• **Work task**: Below are the records; print exactly the lines from the one with "Sally, Lightning McQuuen, Kidsart, Gift" through the last, both included, and leave the pictures out.

[[ Supplied data open ]]

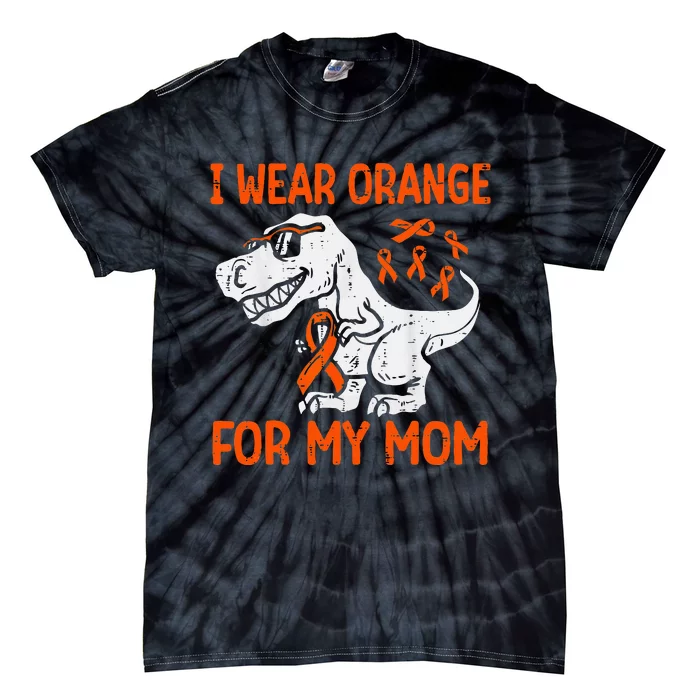 I Wear Orange For My Mom Dinosaur Multiple Sclerosis Tie-Dye T-Shirt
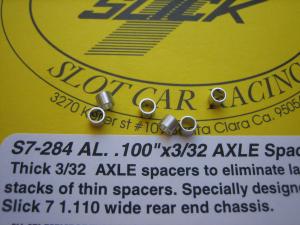 Slick-7 .100" long aluminium spacers for 3/32" axle (6 pieces per package)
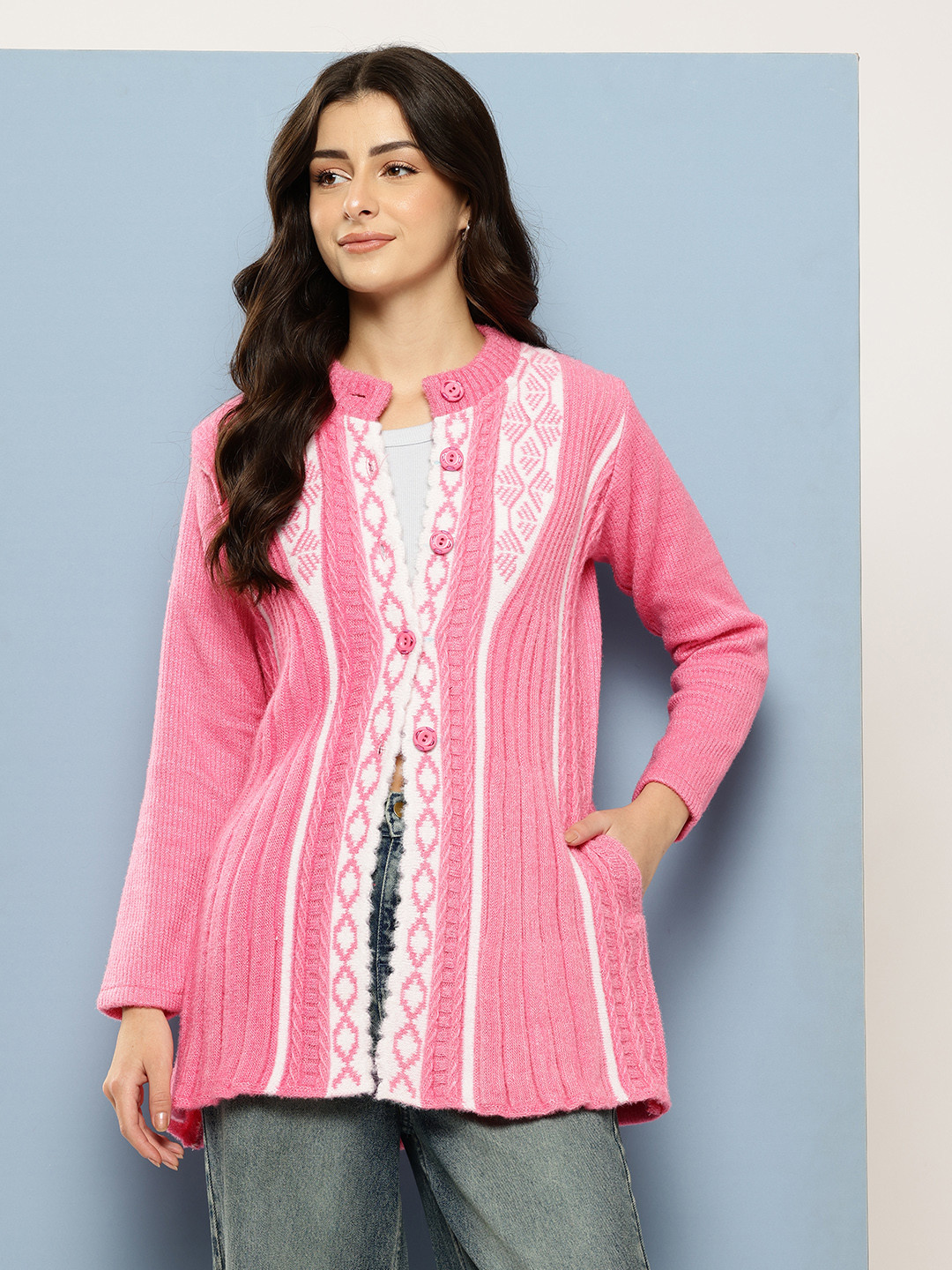 Aarika Ethnic Motifs Knitted Round Neck Woollen Longline Cardigan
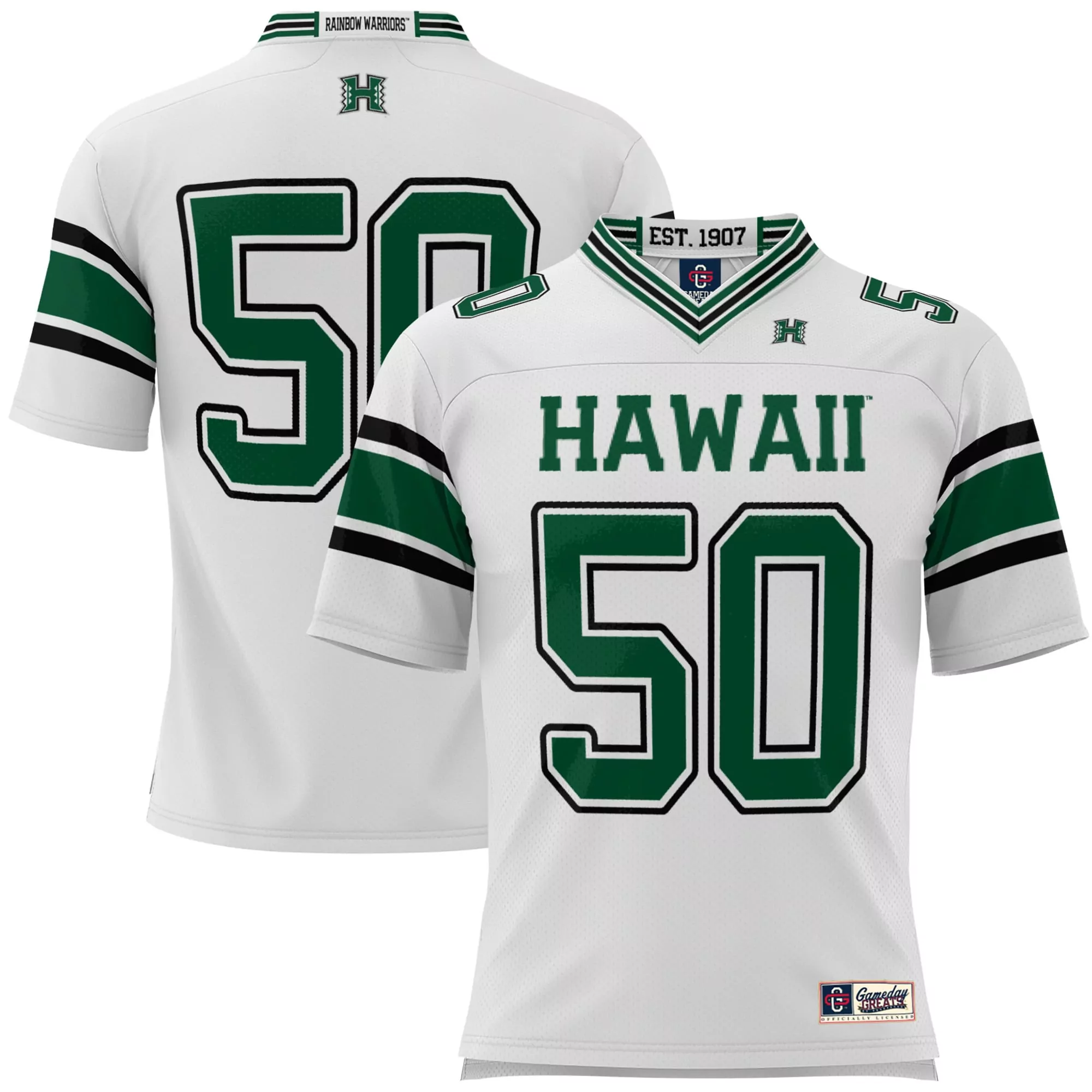 Hawaii 50 Rainbow Warriors Jersey White Gameday Green Black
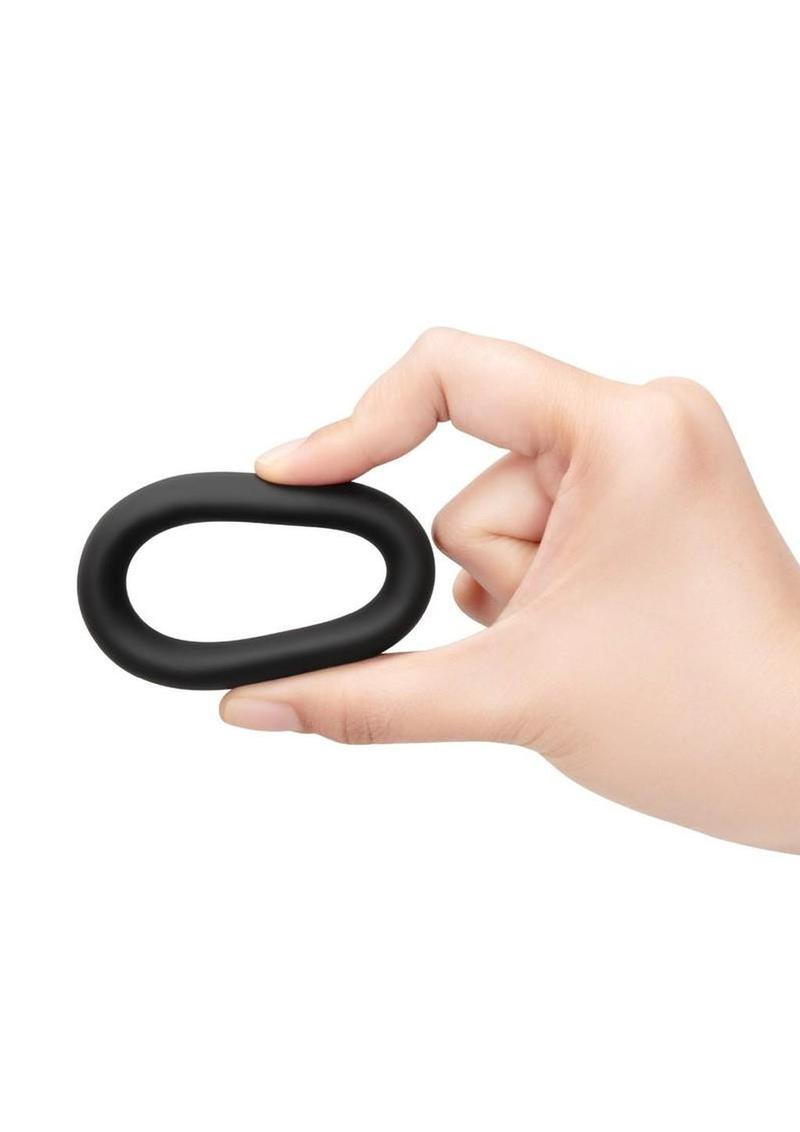 B-Vibe Snug Ring Silicone Cock Ring 40mm - Black - Image 4
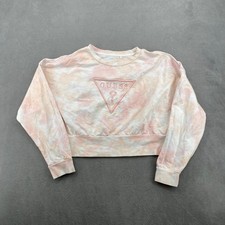 Guess Womens Tie Dye Cropped Sweatshirt Peach White Embroidered Logo Pullover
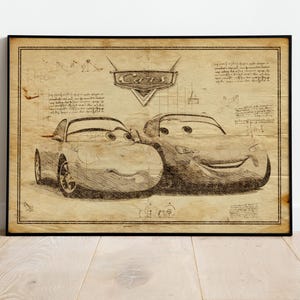 Sally, Lightning McQuuen, Kidsart, Gift For Child, Cars Poster, Cars Poster PNG, Cars PNG, Cars Prints, Wall Decor, Cars Art, Nursery Poster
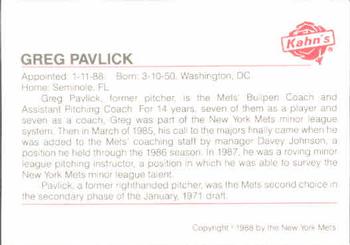 1988 Kahn's New York Mets SGA #NNO Greg Pavlick Back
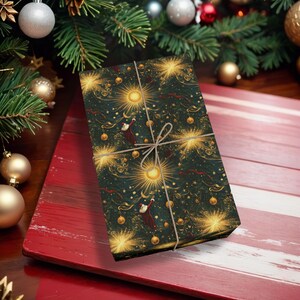 Golden Sun & Stars Christmas Wrapping Paper, Celestial Santa Claus Festive Gift Wrap, Dark Celestial Holiday Gift Wrap K6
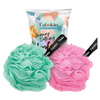Fabskin Luxury Bathing Round Loofah - Aqua and Pink - 2 Pieces - Dista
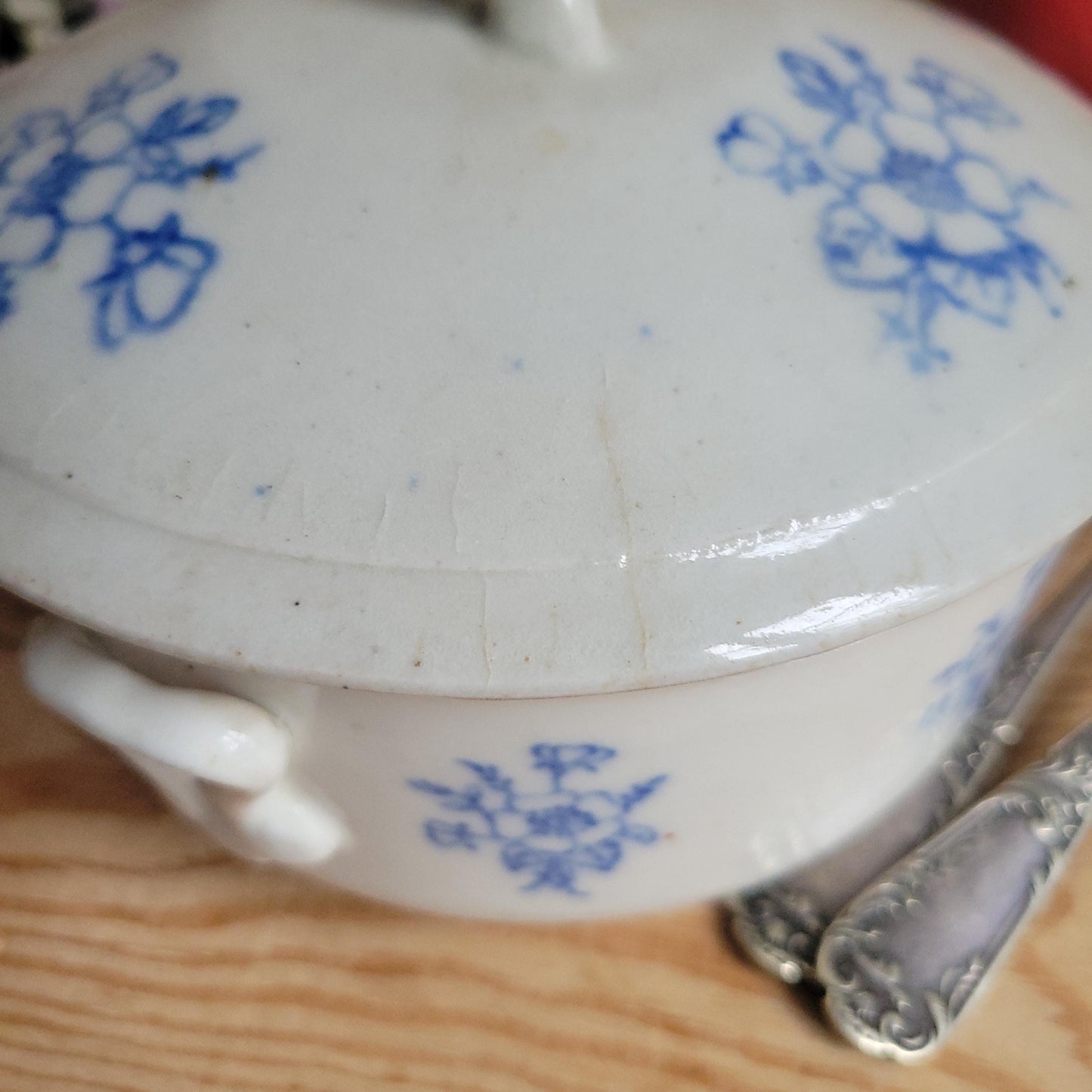 Small St Uze Soupière square form loop handles with Lid, Light Blue Floral Decoration, France c.1910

[[ Supplied data closed ]]

• **Solved exercise**:
 Sally, Lightning McQuuen, Kidsart, Gift For Child, Cars Poster, Cars Poster PNG, Cars PNG, Cars Prints, Wall Decor, Cars Art, Nursery Poster
 1988 Kahn's New York Mets SGA #NNO Greg Pavlick Back
 Golden Sun & Stars Christmas Wrapping Paper, Celestial Santa Claus Festive Gift Wrap, Dark Celestial Holiday Gift Wrap K6
Fabskin Luxury Bathing Round Loofah - Aqua and Pink - 2 Pieces - Dista
 Small St Uze Soupière square form loop handles with Lid, Light Blue Floral Decoration, France c.1910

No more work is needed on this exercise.